§ **DATA RECORDS**

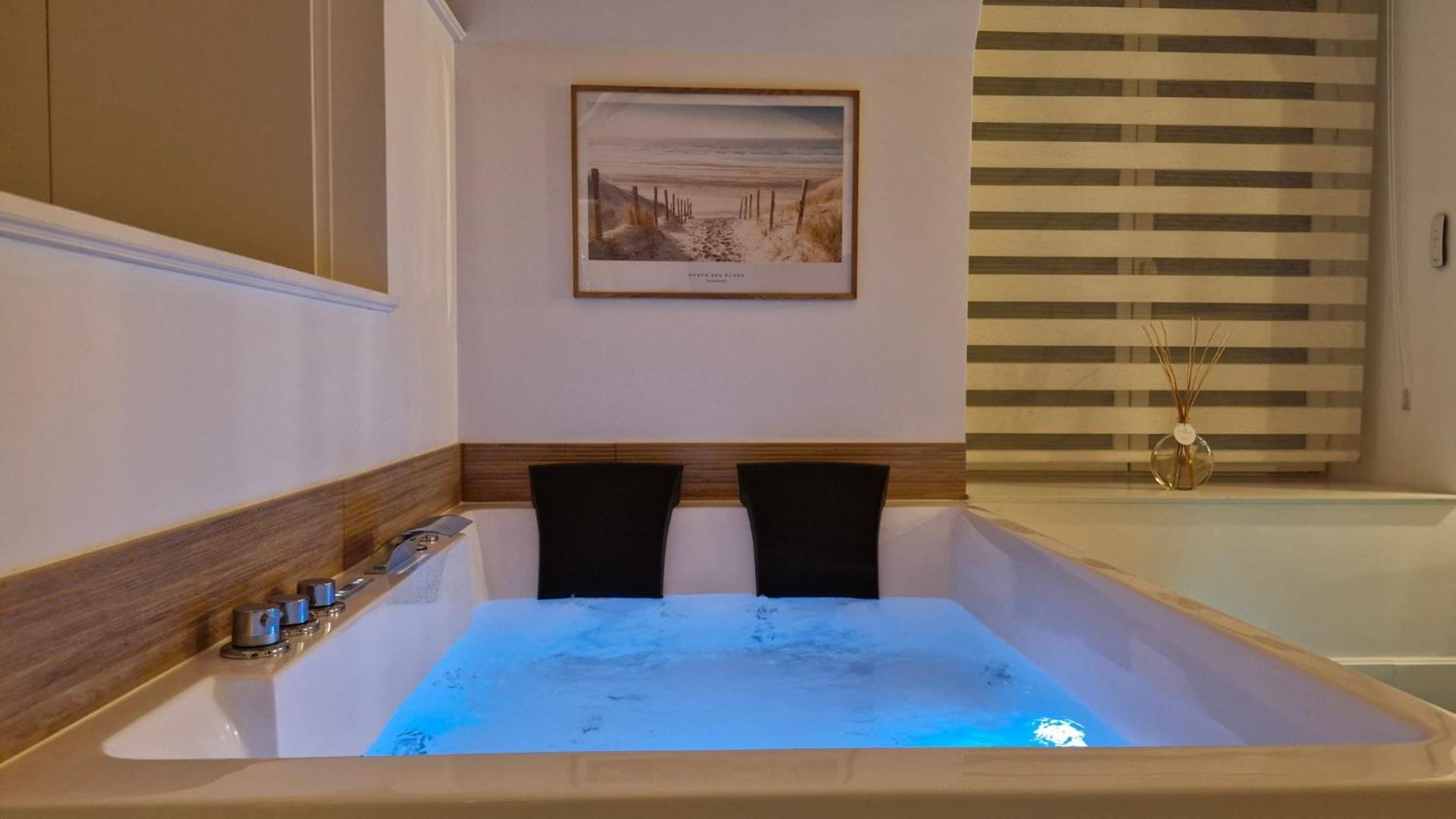 La Suite Nature Jacuzzi Au Coeur Du Chateau De Boissettes Zewnętrze zdjęcie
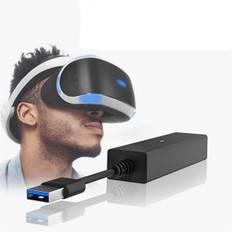 Kameraadapter til PSVR/PS5, PS VR Konverterkabel 5 Konsol, USB 3.0 VR Spiltilbehør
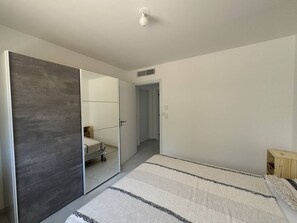 2 chambres, Wi-Fi gratuit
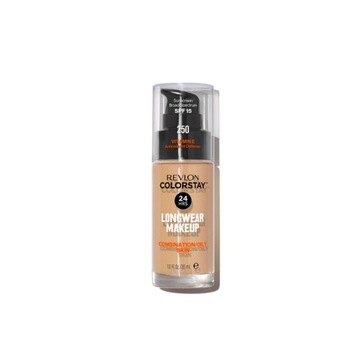 Revlon Colorstay Foundation Oily Skin Mixed Pump 250 Fresh Beige 30 мл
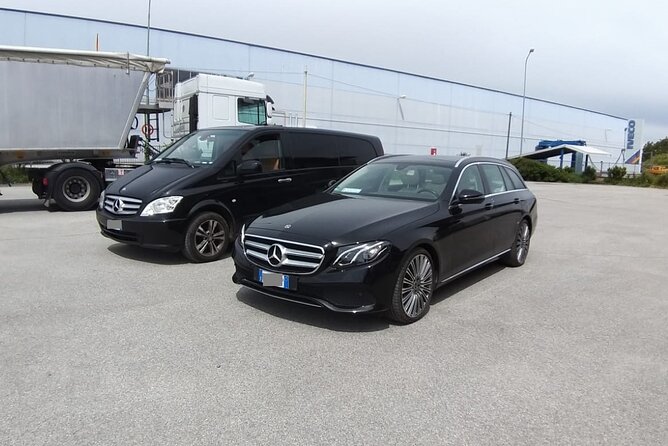 Verona Airport (VRN) to Venice - Round-Trip Private Transfer - Pricing and Booking Details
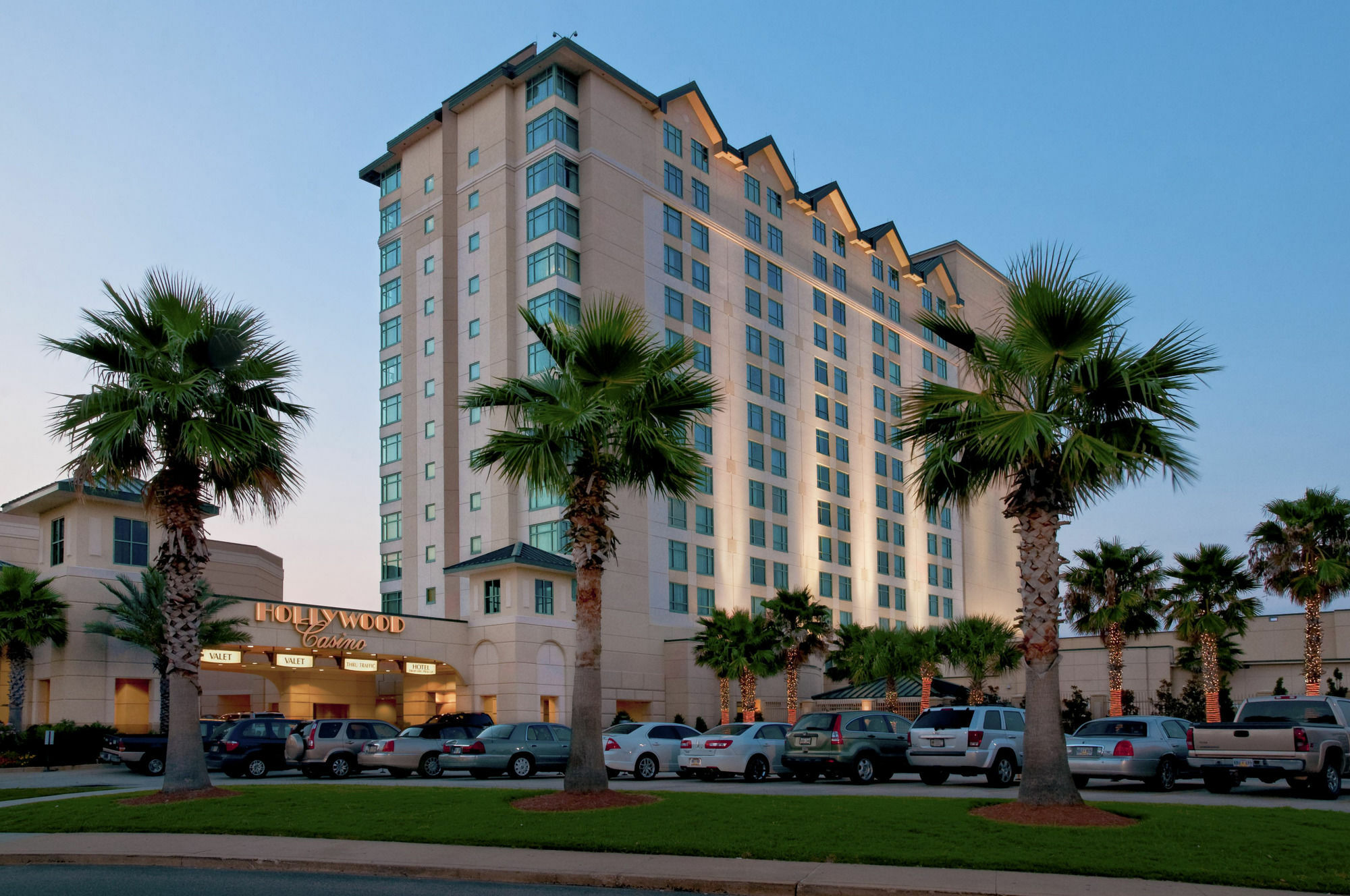 Hollywood Casino Gulf Coast Hotell Bay St. Louis Exteriör bild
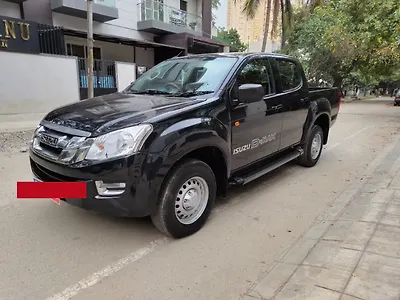 2019 Isuzu D-MAX V-Cross High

§ **REQUIREMENT**
Exactly the lines from the one with "Hollywood Casino Gulf" through the end of the records should be written out, and only those. Pictures do not belong in the copy.

§ **SOLVED PROBLEM**
 Hollywood Casino Gulf Coast Hotell Bay St. Louis Exteriör bild
 2019 Isuzu D-MAX V-Cross High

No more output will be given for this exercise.